▶ _TASK DATA_
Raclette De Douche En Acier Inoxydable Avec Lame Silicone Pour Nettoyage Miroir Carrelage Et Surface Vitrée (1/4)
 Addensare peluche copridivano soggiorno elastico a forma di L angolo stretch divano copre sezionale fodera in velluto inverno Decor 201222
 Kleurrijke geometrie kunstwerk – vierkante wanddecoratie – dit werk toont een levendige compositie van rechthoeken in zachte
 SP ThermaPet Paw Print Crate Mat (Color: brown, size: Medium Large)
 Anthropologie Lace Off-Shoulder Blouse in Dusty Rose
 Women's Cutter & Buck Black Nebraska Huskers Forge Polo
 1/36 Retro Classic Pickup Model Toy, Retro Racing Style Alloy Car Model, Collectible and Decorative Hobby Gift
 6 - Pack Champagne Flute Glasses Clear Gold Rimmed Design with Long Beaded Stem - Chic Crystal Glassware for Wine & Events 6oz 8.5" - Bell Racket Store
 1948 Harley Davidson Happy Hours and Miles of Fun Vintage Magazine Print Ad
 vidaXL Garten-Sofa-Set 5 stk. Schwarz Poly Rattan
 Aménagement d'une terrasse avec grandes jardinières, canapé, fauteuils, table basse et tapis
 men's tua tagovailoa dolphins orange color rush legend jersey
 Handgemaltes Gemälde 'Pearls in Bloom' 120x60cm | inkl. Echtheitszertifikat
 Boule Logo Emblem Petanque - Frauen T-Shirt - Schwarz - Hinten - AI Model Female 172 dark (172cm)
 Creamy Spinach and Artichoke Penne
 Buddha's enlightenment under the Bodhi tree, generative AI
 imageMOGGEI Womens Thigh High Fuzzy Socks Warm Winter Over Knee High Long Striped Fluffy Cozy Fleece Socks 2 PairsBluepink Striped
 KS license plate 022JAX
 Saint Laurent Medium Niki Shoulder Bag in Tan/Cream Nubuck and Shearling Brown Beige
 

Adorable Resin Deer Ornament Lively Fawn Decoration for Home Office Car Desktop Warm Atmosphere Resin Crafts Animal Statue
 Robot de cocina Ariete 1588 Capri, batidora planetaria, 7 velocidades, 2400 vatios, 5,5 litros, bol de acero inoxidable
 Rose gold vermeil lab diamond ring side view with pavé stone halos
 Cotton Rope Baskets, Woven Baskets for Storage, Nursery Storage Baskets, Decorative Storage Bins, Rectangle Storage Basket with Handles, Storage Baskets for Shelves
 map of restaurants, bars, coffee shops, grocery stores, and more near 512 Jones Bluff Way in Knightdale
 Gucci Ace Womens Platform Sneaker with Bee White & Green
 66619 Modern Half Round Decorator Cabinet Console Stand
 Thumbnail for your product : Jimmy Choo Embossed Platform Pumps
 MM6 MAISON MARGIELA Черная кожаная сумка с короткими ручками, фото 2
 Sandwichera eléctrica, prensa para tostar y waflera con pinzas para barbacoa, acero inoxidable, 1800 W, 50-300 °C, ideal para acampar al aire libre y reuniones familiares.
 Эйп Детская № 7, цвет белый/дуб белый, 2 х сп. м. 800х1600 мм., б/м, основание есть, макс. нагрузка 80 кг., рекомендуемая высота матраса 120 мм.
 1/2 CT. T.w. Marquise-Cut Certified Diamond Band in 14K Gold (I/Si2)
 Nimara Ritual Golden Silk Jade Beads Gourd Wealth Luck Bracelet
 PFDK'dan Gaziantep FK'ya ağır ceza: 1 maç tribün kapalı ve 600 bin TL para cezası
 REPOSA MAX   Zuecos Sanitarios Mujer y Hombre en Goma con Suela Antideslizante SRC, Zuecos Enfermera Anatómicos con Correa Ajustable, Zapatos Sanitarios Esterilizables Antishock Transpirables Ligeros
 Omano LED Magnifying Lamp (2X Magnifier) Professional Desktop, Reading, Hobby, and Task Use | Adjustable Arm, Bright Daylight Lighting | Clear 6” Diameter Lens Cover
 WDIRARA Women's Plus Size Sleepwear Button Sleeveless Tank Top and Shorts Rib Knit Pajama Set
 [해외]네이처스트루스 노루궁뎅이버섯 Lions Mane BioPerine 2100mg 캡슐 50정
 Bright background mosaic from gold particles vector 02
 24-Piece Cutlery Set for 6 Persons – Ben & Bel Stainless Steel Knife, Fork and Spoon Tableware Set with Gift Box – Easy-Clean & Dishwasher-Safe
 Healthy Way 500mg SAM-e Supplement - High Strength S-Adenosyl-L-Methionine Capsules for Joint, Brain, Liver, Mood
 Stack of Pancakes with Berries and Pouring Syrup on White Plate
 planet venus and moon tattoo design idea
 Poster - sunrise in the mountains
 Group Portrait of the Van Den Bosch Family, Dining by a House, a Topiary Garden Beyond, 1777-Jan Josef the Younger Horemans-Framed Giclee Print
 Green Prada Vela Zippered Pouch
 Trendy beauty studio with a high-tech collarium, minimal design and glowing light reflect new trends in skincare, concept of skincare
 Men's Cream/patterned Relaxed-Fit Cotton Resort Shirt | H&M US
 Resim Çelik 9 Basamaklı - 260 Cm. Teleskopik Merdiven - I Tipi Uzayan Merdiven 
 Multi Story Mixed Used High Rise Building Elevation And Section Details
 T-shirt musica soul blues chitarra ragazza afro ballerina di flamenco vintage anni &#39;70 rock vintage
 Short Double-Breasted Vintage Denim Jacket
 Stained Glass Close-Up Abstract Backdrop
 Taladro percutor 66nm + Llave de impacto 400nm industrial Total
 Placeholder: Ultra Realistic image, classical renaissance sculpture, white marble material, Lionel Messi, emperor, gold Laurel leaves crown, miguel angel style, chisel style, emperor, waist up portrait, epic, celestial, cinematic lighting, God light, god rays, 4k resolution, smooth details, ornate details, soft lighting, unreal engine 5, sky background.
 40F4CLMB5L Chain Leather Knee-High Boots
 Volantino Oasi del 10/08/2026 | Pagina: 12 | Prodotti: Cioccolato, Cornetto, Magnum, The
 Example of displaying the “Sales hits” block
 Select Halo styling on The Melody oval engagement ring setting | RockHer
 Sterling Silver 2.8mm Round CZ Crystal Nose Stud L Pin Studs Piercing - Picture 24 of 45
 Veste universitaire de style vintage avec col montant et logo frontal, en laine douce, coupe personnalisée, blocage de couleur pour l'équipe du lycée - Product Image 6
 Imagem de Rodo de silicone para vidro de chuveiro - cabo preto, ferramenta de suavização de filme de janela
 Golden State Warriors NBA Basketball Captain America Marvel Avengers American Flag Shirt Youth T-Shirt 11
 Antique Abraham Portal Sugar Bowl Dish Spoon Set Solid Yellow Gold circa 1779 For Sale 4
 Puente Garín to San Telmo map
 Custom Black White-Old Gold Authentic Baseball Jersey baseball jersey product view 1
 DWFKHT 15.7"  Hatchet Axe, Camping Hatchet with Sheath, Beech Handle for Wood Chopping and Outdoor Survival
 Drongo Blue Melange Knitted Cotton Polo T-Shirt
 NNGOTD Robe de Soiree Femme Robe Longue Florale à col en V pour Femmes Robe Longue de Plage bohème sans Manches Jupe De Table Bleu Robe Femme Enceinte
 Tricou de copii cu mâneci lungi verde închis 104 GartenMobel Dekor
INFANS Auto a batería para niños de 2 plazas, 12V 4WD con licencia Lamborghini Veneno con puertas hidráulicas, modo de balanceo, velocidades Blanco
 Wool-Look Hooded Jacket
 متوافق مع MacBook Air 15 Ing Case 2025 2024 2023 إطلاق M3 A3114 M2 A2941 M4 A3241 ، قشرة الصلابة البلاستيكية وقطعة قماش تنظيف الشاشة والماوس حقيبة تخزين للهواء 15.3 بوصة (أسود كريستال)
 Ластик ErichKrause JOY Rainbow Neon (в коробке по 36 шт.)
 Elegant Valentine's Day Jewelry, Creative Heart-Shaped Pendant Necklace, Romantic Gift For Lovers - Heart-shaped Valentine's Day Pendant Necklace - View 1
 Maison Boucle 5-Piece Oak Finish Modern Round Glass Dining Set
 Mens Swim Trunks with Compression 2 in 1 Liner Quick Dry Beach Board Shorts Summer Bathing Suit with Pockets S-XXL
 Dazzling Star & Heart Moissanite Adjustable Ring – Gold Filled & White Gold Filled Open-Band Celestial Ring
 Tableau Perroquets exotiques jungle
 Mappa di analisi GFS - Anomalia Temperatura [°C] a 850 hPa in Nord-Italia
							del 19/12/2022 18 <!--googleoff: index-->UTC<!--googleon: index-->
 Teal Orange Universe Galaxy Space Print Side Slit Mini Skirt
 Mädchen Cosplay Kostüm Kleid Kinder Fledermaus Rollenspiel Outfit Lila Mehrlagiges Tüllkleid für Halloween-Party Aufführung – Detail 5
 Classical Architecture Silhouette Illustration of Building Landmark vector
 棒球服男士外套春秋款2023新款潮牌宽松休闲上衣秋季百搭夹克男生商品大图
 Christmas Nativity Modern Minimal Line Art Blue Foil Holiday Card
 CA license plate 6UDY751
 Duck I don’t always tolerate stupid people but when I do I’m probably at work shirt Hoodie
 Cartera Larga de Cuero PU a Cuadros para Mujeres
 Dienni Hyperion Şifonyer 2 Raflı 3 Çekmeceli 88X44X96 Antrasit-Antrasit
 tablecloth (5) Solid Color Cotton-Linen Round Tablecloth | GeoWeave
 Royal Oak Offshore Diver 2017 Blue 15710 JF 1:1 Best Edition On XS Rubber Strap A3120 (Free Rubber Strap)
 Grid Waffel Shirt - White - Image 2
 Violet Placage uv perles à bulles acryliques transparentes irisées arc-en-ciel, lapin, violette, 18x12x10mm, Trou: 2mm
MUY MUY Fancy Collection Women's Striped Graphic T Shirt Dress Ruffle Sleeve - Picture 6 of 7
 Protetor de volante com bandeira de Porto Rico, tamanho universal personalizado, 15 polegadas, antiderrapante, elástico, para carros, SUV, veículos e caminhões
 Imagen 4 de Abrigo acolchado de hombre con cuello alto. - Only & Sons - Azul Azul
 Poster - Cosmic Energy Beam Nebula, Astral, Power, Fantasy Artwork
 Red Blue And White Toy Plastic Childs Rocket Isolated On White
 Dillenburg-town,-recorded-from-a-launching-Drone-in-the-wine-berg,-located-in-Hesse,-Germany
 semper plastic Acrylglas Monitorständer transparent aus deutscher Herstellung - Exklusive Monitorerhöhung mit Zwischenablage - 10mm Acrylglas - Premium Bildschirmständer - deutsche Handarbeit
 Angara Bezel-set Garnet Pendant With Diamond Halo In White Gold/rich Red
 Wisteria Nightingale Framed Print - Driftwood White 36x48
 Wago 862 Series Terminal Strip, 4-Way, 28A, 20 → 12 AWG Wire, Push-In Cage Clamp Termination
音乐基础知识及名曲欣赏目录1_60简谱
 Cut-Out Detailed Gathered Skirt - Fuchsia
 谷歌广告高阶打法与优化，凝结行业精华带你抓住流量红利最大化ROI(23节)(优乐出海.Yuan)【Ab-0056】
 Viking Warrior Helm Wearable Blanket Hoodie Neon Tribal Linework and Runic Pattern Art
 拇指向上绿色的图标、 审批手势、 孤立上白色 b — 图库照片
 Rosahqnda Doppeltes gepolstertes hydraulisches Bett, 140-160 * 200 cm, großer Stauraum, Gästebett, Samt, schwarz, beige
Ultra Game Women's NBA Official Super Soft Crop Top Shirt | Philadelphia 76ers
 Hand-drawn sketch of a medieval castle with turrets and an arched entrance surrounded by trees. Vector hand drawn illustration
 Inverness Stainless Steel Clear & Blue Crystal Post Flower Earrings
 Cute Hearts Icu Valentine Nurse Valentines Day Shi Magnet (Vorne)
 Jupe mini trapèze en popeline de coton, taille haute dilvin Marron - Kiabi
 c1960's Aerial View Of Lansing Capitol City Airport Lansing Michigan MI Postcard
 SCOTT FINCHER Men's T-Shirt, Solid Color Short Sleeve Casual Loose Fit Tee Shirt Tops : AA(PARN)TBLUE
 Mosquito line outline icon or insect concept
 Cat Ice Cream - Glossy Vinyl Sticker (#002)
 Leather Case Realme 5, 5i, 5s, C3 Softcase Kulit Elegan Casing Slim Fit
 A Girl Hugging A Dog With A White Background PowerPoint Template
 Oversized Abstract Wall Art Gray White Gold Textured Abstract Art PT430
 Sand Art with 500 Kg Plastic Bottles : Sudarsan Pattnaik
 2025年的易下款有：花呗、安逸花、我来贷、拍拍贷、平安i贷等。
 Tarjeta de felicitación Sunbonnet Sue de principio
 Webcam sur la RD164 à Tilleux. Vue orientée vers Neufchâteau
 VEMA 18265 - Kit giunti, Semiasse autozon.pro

▶ _WHAT THE TASK REQUIRES_
In the records above, find the line with "Dienni Hyperion Şifonyer"; write out exactly that line and each one after it, stopping after the line with "Grid Waffel Shirt - White - Image 2".

▶ _SOLUTION BELOW_
 Dienni Hyperion Şifonyer 2 Raflı 3 Çekmeceli 88X44X96 Antrasit-Antrasit
 tablecloth (5) Solid Color Cotton-Linen Round Tablecloth | GeoWeave
 Royal Oak Offshore Diver 2017 Blue 15710 JF 1:1 Best Edition On XS Rubber Strap A3120 (Free Rubber Strap)
 Grid Waffel Shirt - White - Image 2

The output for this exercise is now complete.